Comment by clircle
Comment by clircle 2 months ago
Statisticians and researchers, is this helpful?
Comment by clircle 2 months ago
Statisticians and researchers, is this helpful?
> Type annotations won't help you when your upstreams decide they want to change the format of their year-quarter strings without telling you.
IME with both Python and JS/TS, it helps a lot (which is different than completely solving the problem), for reasons which should generalize to other typing add-ons/supersets for untyped languages. Typing your code forces validations at the boundaries, which obviously doesn't stop upstream sources from messing with formats but it does mean that you are much more likely to catch it at the boundary rather than having weird breakages deep in your code that you have to trace back to bad upstream data.
Yes. Your type can encode what the proper format for a string should be and if a string is passed that does not meet that format it will throw an error allowing you to make any necessary adjustments to handle the new date year_quarter format.
eg. `type DateString = ${number}/${number}/${number}`
A super naïve check for using "/" instead of "-" as the separator character for a date formatted as a string. If a date is provided with some other separator character it will throw an error. If my function takes a DateString the string must be formatted correctly to pass the type check. Obviously this isn't enough (YYYY/MM/DD is different than DD/MM/YYYY) but the intention was to show a way to enforce something via types rather than validating a string to check that your have a DateString you can simply enforce that you have one.
"Typing your code forces validations at the boundaries" was too strong because of course you can type your code without actually doing the validations, but you can structure your code such that that won't happen accidentally: https://lexi-lambda.github.io/blog/2019/11/05/parse-don-t-va...
The idea is that checking should be the only way of making a value of the type. That prevents you from forgetting to check when you turn some broader type (say, string) into the more narrow one (date, in this case).
> "Typing your code forces validations at the boundaries" was too strong because of course you can type your code without actually doing the validations
Yeah, of course you can cheat the typechecking in the code at the boundary in several ways, or convert from wire format to internal types in a way which plugs in type-valid defaults for bad data rather than erroring, or just use too-broad internal types to start with (you can have "stringly-typed code"), and fail to help the problems. But if you use the types that make sense internally for what the code is doing, than conversion including validation at the boundary becomes the path of least resistance in most cases. "Forces" is not strictly true, but my experience is that adding types does create a strong push for boundary validation.
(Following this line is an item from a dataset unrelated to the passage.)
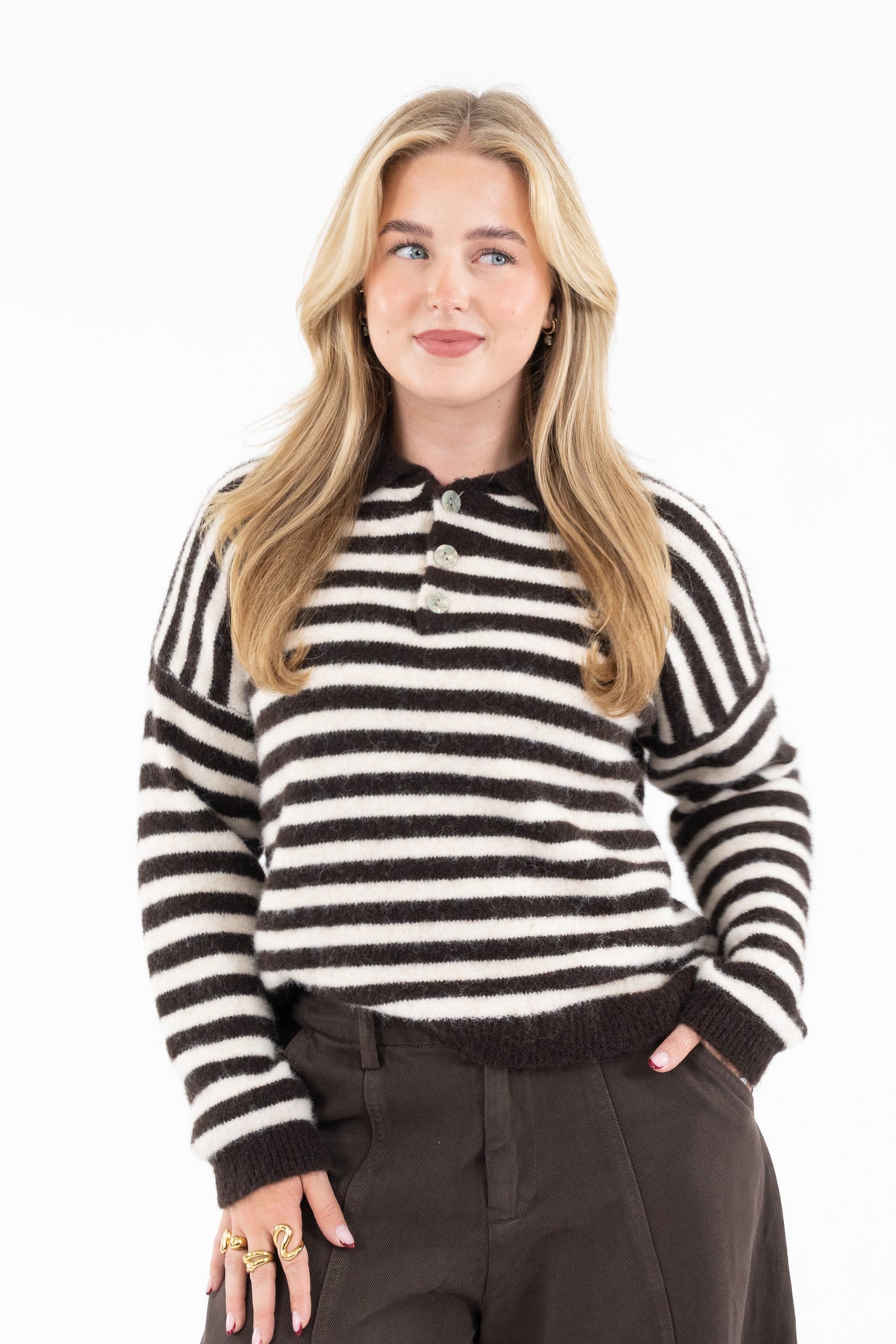 Elise Striped Knit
No, it will get in the way more than anything else. As has been said elsewhere in thread, what we need to ensure in R is mostly runtime constraints (array shape, number in specific interval, etc.) this would require a super heavy and complex type system, with at least refinement and probably fully-dependent types. It would be too complex to use for most people and use cases. A contract system would be far more practical and useful. See CHECK and other constraints in SQLite. That's exactly what we need.
It is probably helpful in some cases and unhelpful in others. R uses multiple dispatch, so calling `foo` on different types can produce different output. It isn't clear to me how Vapour handles this. In general though, folks are passing around data.frame or similar objects.
Not really, because honestly a lot of us who came into programming via research never learned typed languages or unit tests or any of those best practices - we were just hacking around in MATLAB, R, or Python from the start. What I really need is a seamless and easy way to run statistical models that can only be fit in R, but from Python or Node. There are several categories of statistical modeling where R completely blows python out of the water, and it's incredibly wasteful (and error-prone) to try to re-implement these yourself in Python.
rpy2 can be used to call R from Python: https://rviews.rstudio.com/2022/05/25/calling-r-from-python-...
reticulate works for going in the other direction: https://rstudio.github.io/reticulate/
With the good interoperability these days, let's stop rewriting functionality in other languages. If the interoperability is no good, work on fixing that, please.
I would say that vast majority of type problems in data science/stats workflows come from data tables "trojan-horsing" type or missing data issues, rather than type problems strictly at the code level. Type annotations won't help you when your upstreams decide they want to change the format of their year-quarter strings without telling you.